Can't See the Forest for the Ecosystem

A few years ago there was an Internet article about an accountant who won the Betty Crocker bake off.

The story had her picture and went into almost loving detail about her business experience and how she had become such an expert baker. But the story had one fairly important omission about the baker.

“Notice anything missing?” I asked a colleague.

“No, what?”

“What’s her name?”

It’s easy to lose sight of what’s important. Sometimes, we get dazzled with our own brilliance. Sometimes, we are so busy focusing on some details, we forget what people think is important. I think something similar happened with SAP’s announcement yesterday of its new BusinessByDesign product.

Unfortunately, having been unable to attend the product roll out, I was forced to rely on the press release and after reading more than 1,500 words (not counting boilerplate) my question was “what does it do? I forgot my marketing-to-English dictionary.”
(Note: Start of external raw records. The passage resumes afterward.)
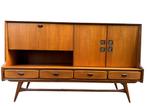 Prachtige van Teeffelen items bij GijpsVintage, Huis en Inrichting, Met deur(en), 150 tot 200 cm, Midcentury, Teakhout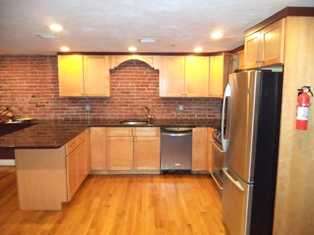 33 Munroe St Apt 1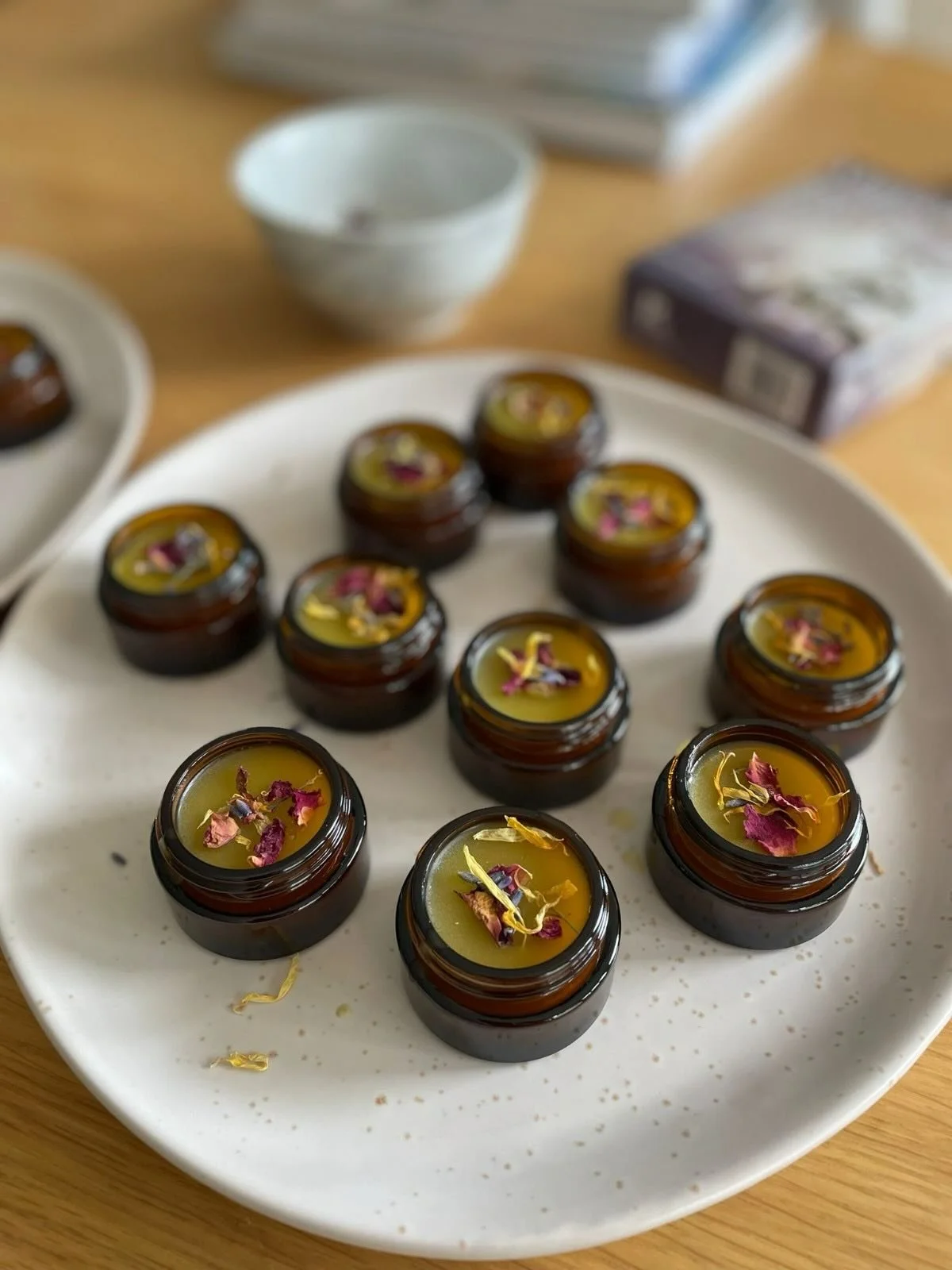 We are holding a balm making workshop on Sunday 14th December @lomandra_farm from 10am-12pm as part of our Grow, Gather and Graze workshop series.
The workshop will be led by Cass Cunningham from @akyn______ Cass is a grassroots herbalist and Zenthai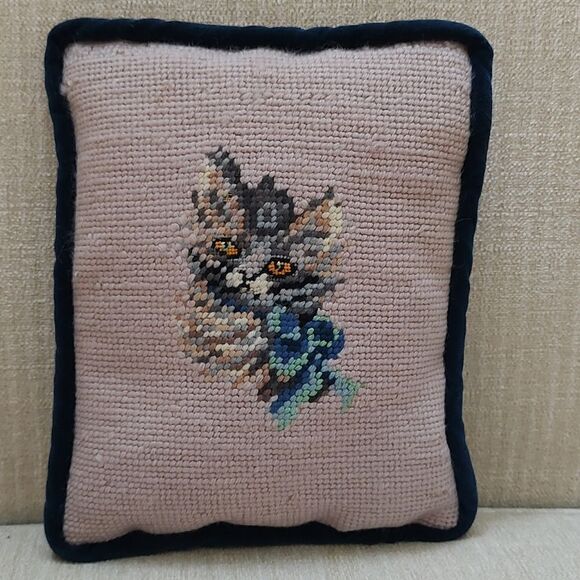 Vintage Needlepoint Gray Tabby Kitten Pillow Blue Velvet Backing - Picture 8 of 8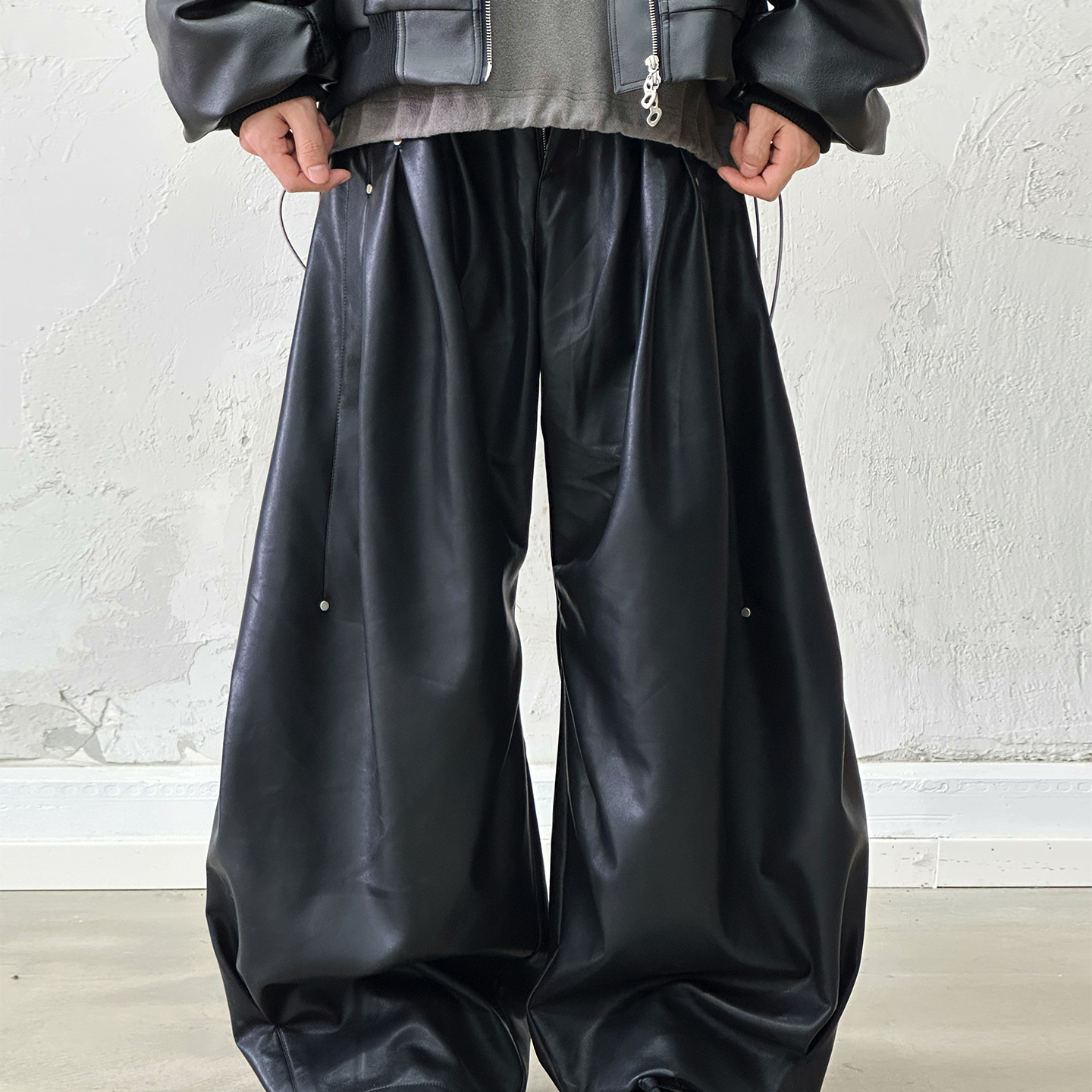 RELABEL空间关系“多嵌套”多空气抓痕钉扣解构打褶弯刀廓形皮裤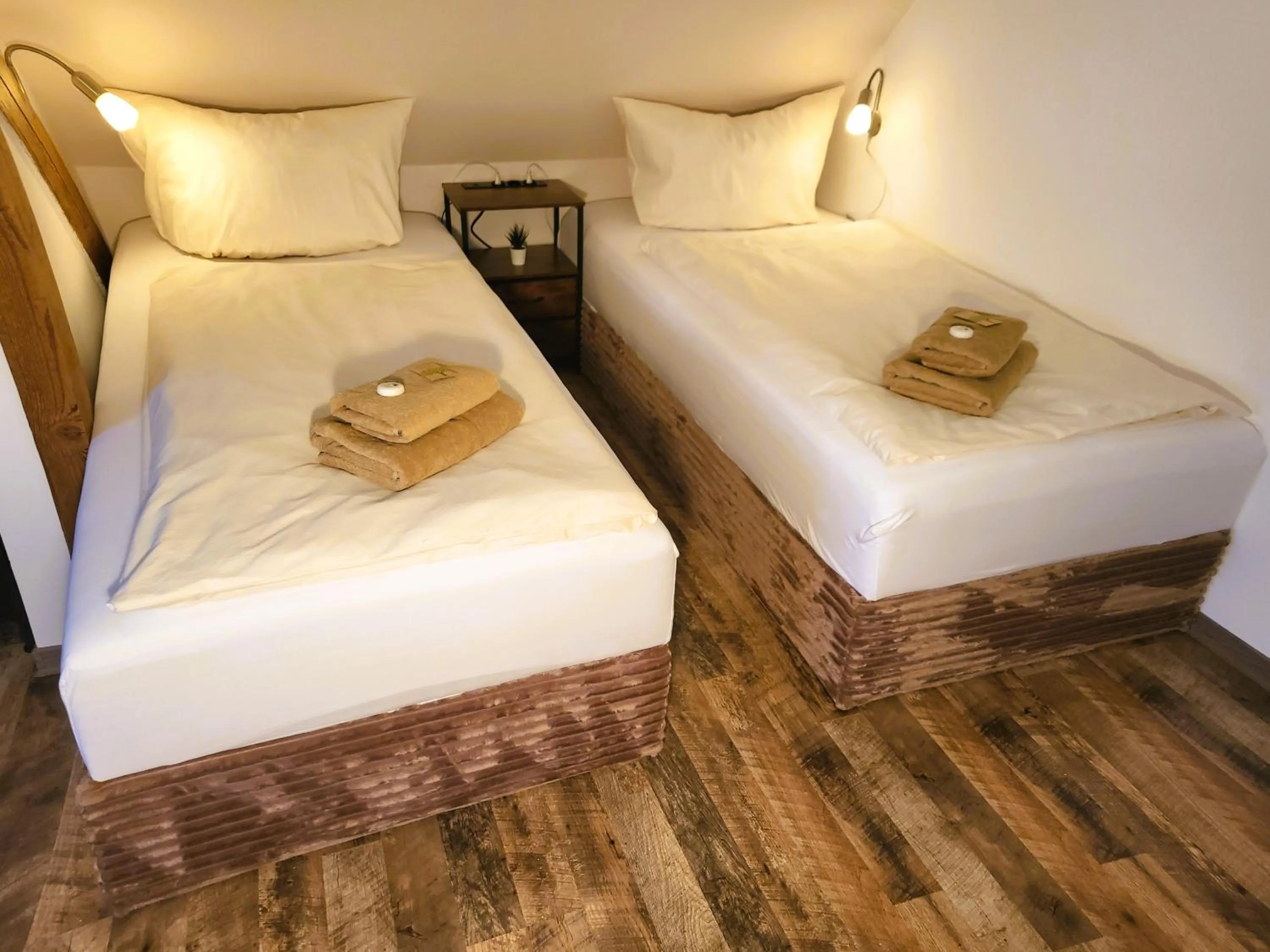 Bed in CJS Apartments - Chill or Drive am Nürburgring, new Box Spring Beds, new furniture, WLan, Spacious Rooms, Quiet Location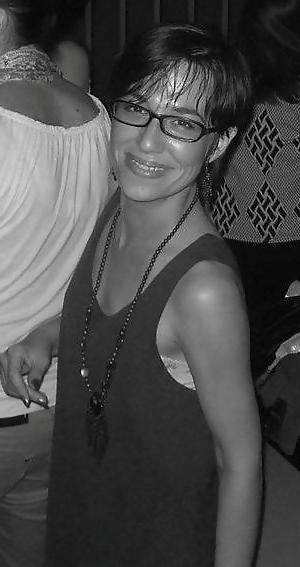 25P Serbian MILF Tatjana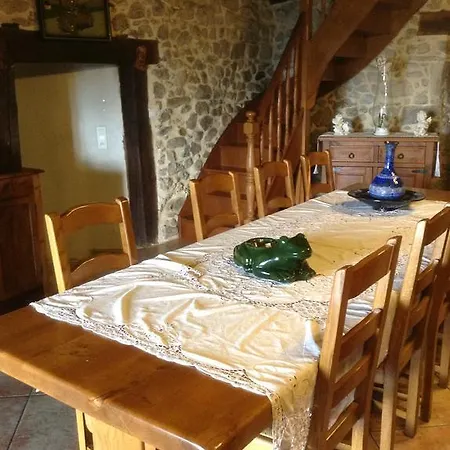 Maison d'hôtes Pierre Des Anges Montagny (Loire)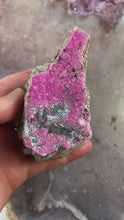 Load and play video in Gallery viewer, Cobalto Calcite with Malachite piece 1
After one spokesman explained very well and very succinctly that the Internet-based application brings together features such as supply chain, CRM, financials, and manufacturing, I noted, “Yeah, but none of those words are in your press release.”

The company was so busy explaining how this revolutionary product will serve mid-market companies with a true outsourced application it forgot to explain what the product does.

There were hints. It quotes a company that “provides outsourced contract packaging, manufacturing and distribution services to the world's best-known pharmaceutical companies.” But instead of coming out and saying BusinessByDesign can takes care of those needs “and more, yes, it slices and dices, ladies and gentleman,” SAP slid into the neighborhood with “a single, on-demand business solution that can streamline operations.”

The important thing in communication is not to state how we understand things. People delivering messages need to try to understand the recipient’s way of absorbing information. Otherwise, the process becomes, “We were clear in what we said. What’s wrong with them?”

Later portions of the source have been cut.